# Moving to US from UK with children



## hrw81 (Jan 19, 2013)

Hi
Well this is a general request for information from anyone who has made the move from the UK to the US with young children. I have a 9 year old and a 3 year old from a previous relationship and am currently pregnant by my American partner. As it's so hard for him to come here because I dont earn the minimum financial requirement we are obviously looking at me and the children moving there. However I am of course extrememly wary as to how easy the kids would find such a big change emotionally, the education systems being so different, leaving family and friends etc. The 3 year old I don't see being a problem as he's young enough to adjust easily but my 9 year old is a concern. I just wondered if there's anyone who has been in a similar situation who would share with me how their experience was and any tips on making it as easy on the kids as possible. Thanks for reading


----------



## Davis1 (Feb 20, 2009)

The kids wll adapt quicker than you will
your hardest part may be getting permission from the other parent to 
remove them from the UK


----------



## hrw81 (Jan 19, 2013)

Thanks for the reply, I was thinking they probably would. They haven't had contact with their fathers in years (not my choice) and I can't even contact them to get permission if I wanted to. Is this something I need in writing do you know?


----------



## twostep (Apr 3, 2008)

hrw81 said:


> Thanks for the reply, I was thinking they probably would. They haven't had contact with their fathers in years (not my choice) and I can't even contact them to get permission if I wanted to. Is this something I need in writing do you know?

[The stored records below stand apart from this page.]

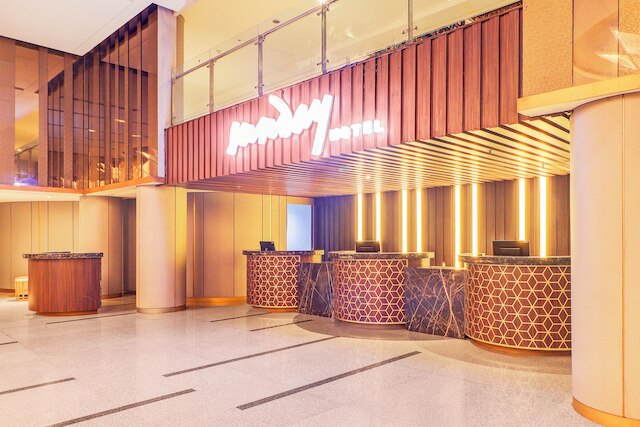 サンデー ホテル アルシカ サンセット ロード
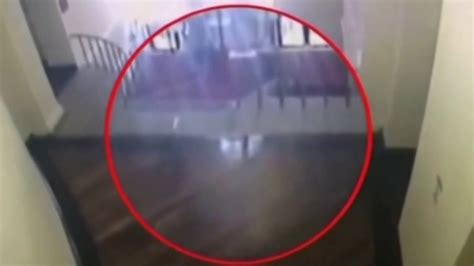 Watch Al Rojo Vivo Highlight Captan Supuesto Fantasma De Mujer En Congreso De Colombia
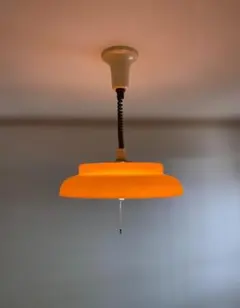 オレンジ色 ペンダントライト 高さ調節可能 引きひも式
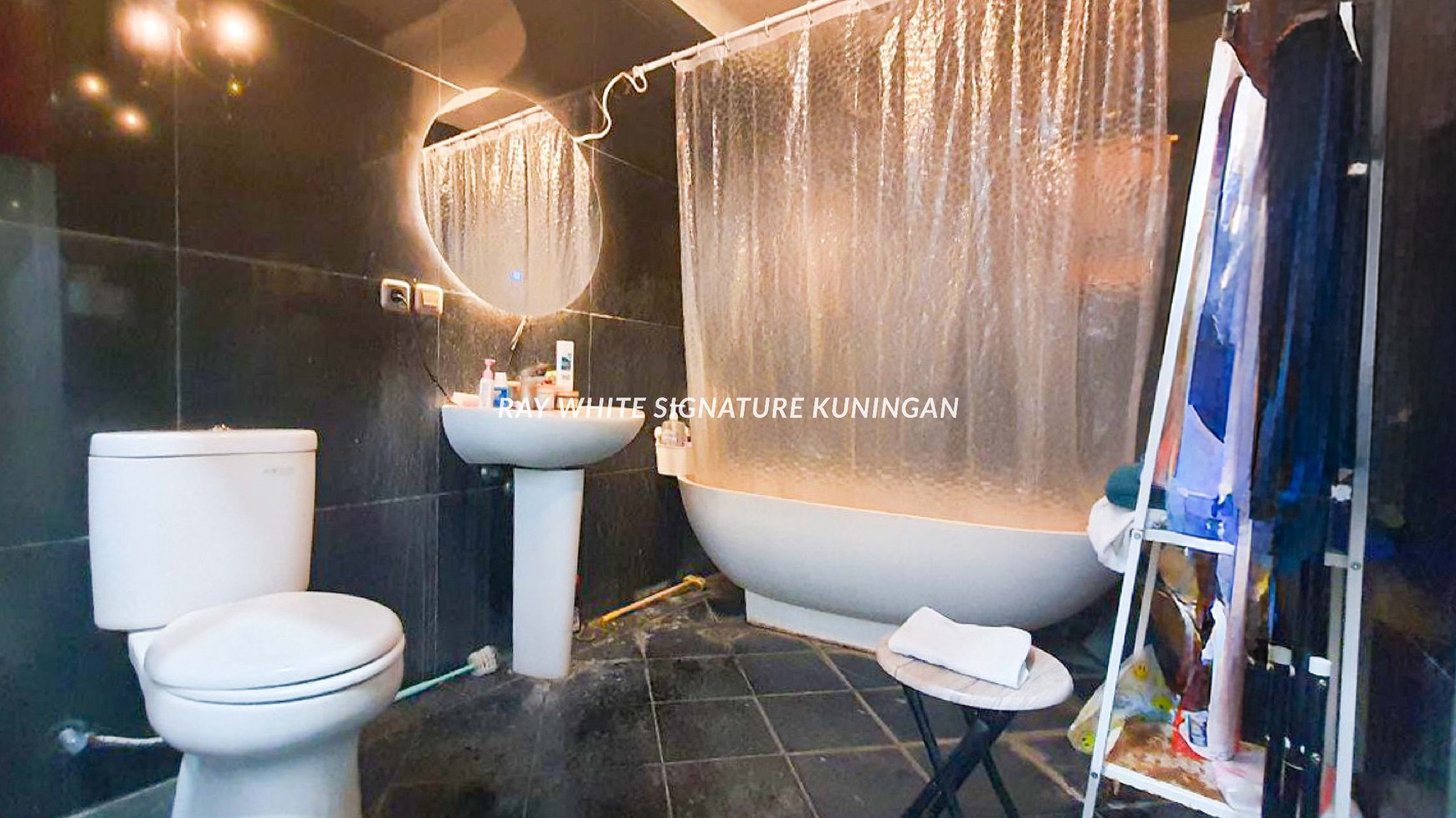 Rumah 3 Lantai Lokasi Strategis di Jl. Guru Saidi II, Blok A Kebayoran Baru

Are you legally holding sole custody for both?


----------



## hrw81 (Jan 19, 2013)

Yes, I believe so. They live with me, I provide for them alone. My oldest's father does not have parental responisbility for her but my youngest's father does due to the law change in 2002. However he hasn't had any contact at all in 3 years (of his 4 year life). I assume because there is no court order in place for access that I do have sole custody?


----------



## Davis1 (Feb 20, 2009)

hrw81 said:


> Thanks for the reply, I was thinking they probably would. They haven't had contact with their fathers in years (not my choice) and I can't even contact them to get permission if I wanted to. Is this something I need in writing do you know?


get a court to agree to their removal


----------



## hrw81 (Jan 19, 2013)

Thanks, I'll look into that. Hope it won't be a problem!


----------